How many lines below contain the word "Area"? Reply solely with the number.
# # #
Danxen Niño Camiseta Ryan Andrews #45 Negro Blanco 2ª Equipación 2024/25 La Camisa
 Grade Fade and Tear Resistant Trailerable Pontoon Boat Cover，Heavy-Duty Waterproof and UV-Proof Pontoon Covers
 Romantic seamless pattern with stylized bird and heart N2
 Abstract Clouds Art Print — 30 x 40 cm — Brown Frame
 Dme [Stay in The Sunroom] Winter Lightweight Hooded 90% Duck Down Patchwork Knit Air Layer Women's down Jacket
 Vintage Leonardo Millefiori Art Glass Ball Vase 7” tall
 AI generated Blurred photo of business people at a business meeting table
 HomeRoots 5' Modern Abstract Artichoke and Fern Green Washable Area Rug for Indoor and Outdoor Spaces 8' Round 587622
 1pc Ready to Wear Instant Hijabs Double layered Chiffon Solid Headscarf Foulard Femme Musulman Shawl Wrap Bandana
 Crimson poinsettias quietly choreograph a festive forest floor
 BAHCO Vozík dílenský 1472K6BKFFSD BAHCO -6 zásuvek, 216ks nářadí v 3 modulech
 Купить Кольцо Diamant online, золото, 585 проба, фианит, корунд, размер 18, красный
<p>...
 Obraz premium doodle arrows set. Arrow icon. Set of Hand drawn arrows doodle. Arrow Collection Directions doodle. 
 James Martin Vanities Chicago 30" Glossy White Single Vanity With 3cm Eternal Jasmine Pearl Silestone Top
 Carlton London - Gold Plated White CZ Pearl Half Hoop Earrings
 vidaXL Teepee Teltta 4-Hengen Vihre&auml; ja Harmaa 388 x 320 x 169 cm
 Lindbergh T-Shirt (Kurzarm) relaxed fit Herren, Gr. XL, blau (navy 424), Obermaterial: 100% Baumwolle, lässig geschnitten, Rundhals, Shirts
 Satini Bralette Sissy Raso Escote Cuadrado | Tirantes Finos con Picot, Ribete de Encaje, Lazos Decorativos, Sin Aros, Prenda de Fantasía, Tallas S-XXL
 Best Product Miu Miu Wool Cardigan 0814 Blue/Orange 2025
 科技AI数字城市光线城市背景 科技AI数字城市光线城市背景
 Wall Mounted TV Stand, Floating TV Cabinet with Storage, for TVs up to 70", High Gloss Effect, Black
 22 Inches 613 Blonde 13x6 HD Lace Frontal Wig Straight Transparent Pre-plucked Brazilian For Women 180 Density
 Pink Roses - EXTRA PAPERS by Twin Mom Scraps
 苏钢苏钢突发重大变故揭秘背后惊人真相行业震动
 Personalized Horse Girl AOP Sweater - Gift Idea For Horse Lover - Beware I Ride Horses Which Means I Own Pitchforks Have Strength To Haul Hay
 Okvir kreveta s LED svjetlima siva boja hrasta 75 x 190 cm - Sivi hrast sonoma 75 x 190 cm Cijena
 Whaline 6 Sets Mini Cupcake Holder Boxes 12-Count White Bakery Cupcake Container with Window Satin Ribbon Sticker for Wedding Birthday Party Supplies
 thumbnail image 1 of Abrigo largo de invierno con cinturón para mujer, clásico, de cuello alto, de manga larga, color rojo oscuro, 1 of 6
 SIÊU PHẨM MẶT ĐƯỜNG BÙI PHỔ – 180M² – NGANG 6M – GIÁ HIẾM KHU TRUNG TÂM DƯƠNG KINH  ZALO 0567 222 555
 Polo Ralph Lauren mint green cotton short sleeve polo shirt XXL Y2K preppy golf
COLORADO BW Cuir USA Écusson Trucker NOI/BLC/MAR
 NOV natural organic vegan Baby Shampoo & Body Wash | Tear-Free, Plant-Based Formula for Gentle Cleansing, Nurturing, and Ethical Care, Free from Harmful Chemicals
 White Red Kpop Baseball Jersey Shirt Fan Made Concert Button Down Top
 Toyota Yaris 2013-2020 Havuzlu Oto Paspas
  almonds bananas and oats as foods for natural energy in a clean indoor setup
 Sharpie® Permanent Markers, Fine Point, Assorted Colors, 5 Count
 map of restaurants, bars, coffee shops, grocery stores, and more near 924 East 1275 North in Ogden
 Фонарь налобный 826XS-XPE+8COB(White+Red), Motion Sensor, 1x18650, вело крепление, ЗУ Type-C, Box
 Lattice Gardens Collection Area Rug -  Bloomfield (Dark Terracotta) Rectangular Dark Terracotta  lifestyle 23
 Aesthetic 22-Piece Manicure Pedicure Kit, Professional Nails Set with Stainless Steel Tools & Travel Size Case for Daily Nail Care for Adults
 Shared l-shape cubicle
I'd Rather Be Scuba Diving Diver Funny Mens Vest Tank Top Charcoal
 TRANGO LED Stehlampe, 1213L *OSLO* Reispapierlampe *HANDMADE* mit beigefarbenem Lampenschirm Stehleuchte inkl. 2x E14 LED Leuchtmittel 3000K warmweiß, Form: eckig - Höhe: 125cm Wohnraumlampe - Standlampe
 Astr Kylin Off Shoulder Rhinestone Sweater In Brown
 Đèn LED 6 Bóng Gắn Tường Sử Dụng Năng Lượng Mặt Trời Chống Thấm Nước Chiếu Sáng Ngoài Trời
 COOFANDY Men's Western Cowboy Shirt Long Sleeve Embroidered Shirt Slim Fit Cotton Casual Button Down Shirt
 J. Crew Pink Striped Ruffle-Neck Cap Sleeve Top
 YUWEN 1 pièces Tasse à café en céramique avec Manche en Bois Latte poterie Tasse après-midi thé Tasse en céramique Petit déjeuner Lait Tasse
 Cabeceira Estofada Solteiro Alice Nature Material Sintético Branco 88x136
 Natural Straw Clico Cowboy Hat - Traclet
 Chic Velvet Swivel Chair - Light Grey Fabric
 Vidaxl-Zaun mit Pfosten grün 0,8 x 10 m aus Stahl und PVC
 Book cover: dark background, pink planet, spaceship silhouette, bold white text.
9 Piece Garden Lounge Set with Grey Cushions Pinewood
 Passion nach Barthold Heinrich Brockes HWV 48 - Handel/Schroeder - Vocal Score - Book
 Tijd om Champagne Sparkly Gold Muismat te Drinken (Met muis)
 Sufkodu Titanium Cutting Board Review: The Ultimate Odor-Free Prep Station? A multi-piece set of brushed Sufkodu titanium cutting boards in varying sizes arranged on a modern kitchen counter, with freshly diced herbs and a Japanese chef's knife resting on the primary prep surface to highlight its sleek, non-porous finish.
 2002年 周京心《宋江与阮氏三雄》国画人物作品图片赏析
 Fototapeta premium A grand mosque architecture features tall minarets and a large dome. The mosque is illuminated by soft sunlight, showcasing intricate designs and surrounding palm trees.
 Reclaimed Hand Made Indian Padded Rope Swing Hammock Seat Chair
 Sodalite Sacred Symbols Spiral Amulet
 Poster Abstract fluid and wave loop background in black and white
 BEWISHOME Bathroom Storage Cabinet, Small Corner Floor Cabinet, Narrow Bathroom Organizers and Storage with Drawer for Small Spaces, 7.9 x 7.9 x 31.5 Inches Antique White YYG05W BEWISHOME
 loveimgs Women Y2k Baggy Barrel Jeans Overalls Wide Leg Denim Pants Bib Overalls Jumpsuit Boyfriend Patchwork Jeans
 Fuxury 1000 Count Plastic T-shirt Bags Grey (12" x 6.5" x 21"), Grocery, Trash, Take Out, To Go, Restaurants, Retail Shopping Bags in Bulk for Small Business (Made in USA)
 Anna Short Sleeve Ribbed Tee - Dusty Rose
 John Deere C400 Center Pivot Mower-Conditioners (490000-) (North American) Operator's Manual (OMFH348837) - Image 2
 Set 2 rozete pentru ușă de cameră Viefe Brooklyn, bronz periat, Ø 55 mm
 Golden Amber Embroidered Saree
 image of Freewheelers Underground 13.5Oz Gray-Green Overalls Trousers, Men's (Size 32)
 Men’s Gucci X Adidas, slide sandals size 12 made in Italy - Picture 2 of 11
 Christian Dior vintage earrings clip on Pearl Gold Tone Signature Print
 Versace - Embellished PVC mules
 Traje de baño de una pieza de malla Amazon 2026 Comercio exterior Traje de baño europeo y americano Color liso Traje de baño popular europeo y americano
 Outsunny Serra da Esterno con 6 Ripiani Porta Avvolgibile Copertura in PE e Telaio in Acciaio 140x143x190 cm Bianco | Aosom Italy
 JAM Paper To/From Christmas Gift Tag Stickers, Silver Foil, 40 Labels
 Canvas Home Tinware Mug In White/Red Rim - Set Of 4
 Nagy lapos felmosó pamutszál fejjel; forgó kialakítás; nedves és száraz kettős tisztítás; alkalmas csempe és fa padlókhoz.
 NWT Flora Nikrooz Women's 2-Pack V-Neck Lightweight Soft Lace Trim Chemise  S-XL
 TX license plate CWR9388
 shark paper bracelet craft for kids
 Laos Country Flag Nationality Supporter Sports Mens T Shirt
# # #
Written answer
2